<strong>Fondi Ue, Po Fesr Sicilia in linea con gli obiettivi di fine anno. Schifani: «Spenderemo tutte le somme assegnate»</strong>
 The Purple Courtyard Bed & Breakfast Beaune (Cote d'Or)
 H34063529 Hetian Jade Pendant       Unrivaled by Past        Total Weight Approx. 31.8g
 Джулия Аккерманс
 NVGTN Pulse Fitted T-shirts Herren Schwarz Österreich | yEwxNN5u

---

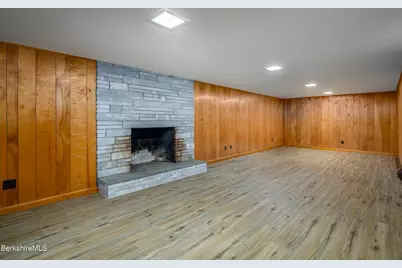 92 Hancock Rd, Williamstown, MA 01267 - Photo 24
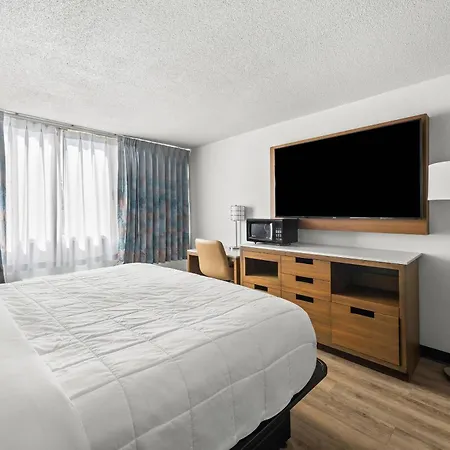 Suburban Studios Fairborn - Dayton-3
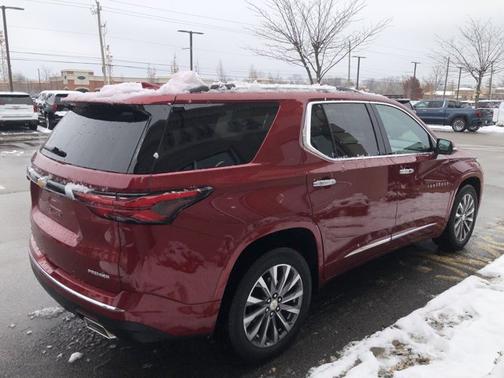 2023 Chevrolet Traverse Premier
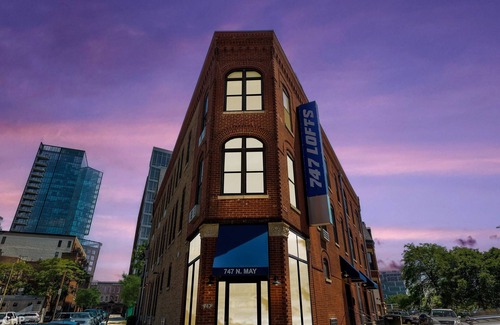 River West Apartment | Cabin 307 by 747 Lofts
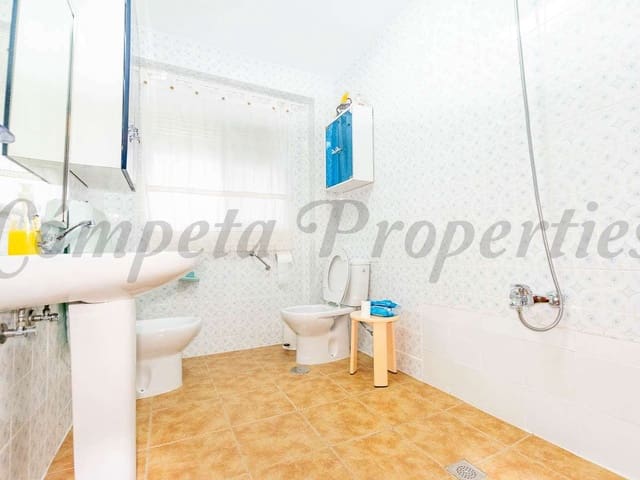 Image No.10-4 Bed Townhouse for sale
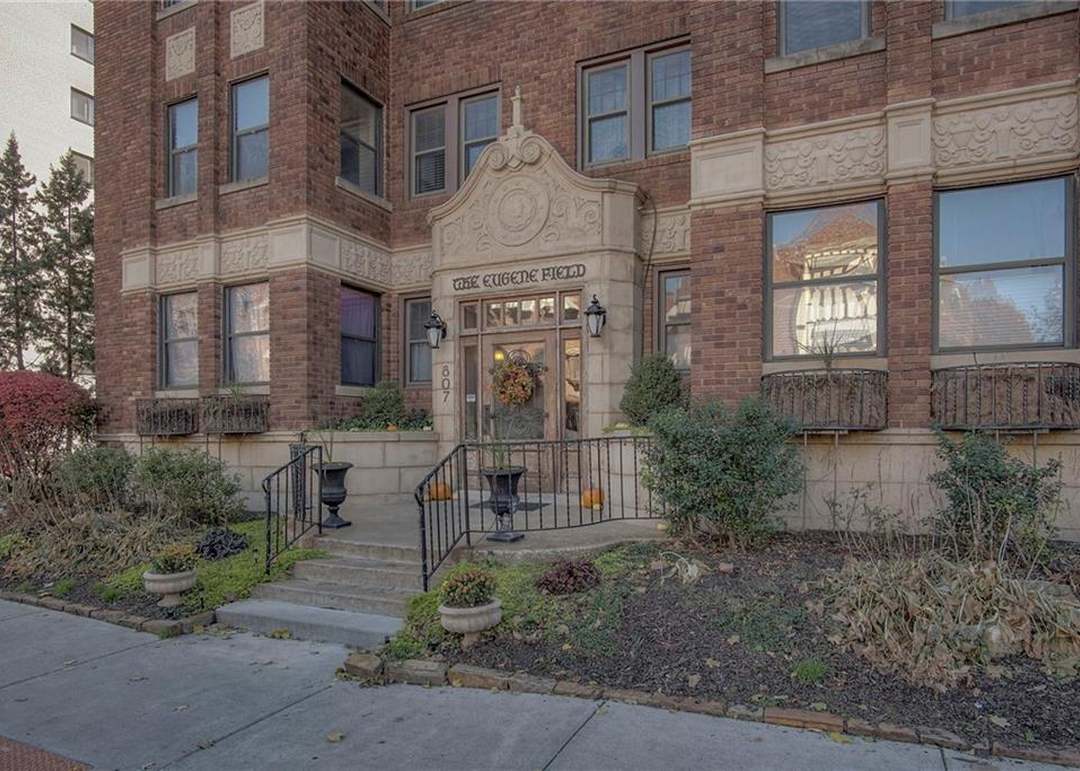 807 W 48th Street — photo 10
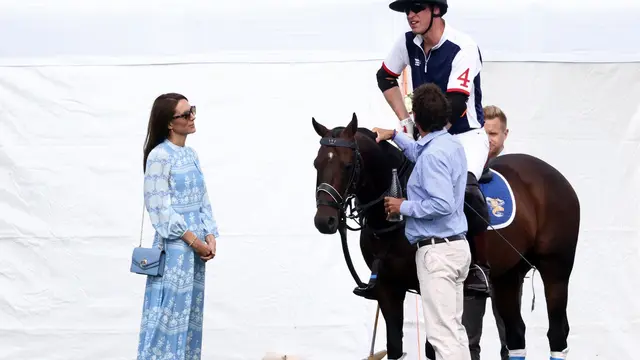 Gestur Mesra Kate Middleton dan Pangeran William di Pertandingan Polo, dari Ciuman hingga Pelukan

### Problem statement:
From the line containing "807 W 48th Street — photo 10" through the line containing "Gestur Mesra Kate", copy every line above exactly, without pictures.

### The answer:
 807 W 48th Street — photo 10
 Gestur Mesra Kate Middleton dan Pangeran William di Pertandingan Polo, dari Ciuman hingga Pelukan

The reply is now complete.